As illustrated in Fig. 1, in a 3D XANES dataset on a pristine single-crystalline LCO particle, we observed that the averaged XANES spectrum over the entire particle changes significantly as the particle is rotated along a vertical axis [see Figs. 1(c) to 1(f) for the averaged spectra at angles of −45°, 0°, 45° and 89°, and see Fig. S2 for the edge-energy maps at different viewing angles]. This particle was not subjected to any reaction active conditions; the differences in the averaged spectra are therefore attributed to the difference in the experimental configurations, i.e. the viewing angles, which brings our attention to the polarization effect.
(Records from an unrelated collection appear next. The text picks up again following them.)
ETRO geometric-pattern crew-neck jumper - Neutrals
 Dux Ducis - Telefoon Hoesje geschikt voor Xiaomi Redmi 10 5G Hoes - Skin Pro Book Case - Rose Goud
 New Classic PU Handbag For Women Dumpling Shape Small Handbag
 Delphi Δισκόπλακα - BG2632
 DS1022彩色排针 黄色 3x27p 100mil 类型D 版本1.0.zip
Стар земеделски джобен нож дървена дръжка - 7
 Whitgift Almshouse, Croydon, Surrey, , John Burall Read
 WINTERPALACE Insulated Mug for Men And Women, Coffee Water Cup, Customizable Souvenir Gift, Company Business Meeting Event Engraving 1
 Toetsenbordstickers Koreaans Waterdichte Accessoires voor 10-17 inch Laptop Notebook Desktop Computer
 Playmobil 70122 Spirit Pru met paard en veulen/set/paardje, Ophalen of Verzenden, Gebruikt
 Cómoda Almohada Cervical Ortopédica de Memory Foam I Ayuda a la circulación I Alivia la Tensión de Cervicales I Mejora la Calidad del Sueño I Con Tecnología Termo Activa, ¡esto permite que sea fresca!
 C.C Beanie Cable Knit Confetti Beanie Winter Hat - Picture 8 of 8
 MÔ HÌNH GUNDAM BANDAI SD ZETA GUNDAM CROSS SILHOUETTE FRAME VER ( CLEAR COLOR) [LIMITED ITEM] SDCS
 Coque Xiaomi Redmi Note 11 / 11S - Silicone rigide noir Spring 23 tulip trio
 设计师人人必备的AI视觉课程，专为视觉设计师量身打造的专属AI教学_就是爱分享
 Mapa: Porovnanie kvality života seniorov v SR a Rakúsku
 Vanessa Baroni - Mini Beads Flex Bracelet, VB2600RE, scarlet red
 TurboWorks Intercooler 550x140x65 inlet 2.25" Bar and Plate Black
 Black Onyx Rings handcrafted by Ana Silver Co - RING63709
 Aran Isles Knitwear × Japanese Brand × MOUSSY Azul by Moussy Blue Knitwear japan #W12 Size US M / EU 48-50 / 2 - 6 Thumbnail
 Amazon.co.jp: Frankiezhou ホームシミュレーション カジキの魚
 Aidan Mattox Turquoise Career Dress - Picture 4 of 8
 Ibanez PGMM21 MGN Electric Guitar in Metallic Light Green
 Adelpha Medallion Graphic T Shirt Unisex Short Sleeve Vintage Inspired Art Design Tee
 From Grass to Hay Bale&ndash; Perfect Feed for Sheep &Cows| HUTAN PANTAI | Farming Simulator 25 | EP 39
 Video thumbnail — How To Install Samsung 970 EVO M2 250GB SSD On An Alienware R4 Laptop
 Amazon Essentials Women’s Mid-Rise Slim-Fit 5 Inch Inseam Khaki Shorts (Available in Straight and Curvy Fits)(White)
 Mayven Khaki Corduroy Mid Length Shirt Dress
![[Figure 1]](co5135fig1thm.gif) | Figure 1 Illustration of the angular-dependent spectroscopic fingerprint of a pristine single-crystalline LCO particle. Panel (a) shows schematically the experimental configuration, where the particle is rotated along the vertical axis to facilitate the acquisition of the X-ray absorption spectra in different viewing angles [panels (c) to (f)]. Panel (b) shows the relative intensity profile of the horizontal and vertical polarization components as a function of the vertical elevation angle with respect to the X-ray source point that is ∼30 m upstream of the sample. The scale bar in panel (a) is 5 µm. |
This measurement was conducted at beamline 6-2c of the Stanford Synchrotron Radiation Lightsource (SSRL), where a 56-pole wiggler source generates a quasi-polarized illumination for illuminating the transmission X-ray microscope (Liu et al., 2011). As confirmed by the relative intensity profiles of the horizontal and vertical polarization components, which changes as a function of the vertical elevation angle [see Fig. 1(b)], the horizontal polarization component is significantly stronger than the vertical component. Considering that the particle is only a few micrometres in diameter and is positioned at a distance of ∼30 m from the wiggler source, the measurement is effectively operated within the gray area in Fig. 1(b) and the particle practically sees X-rays that are linearly polarized in the horizontal direction (see Fig. S3 for more details about the polarization profile of the X-rays from SSRL). The lattice structure of LiCoO2 crystal is highly anisotropic with its c-axis lattice parameter much larger than that of the a and b axes (see Fig. S1). Therefore, the relative spatial arrangement of the lattice c axis and the major polarization axis would have a significant impact on the spectroscopic signature, complicating the interpretation of the data.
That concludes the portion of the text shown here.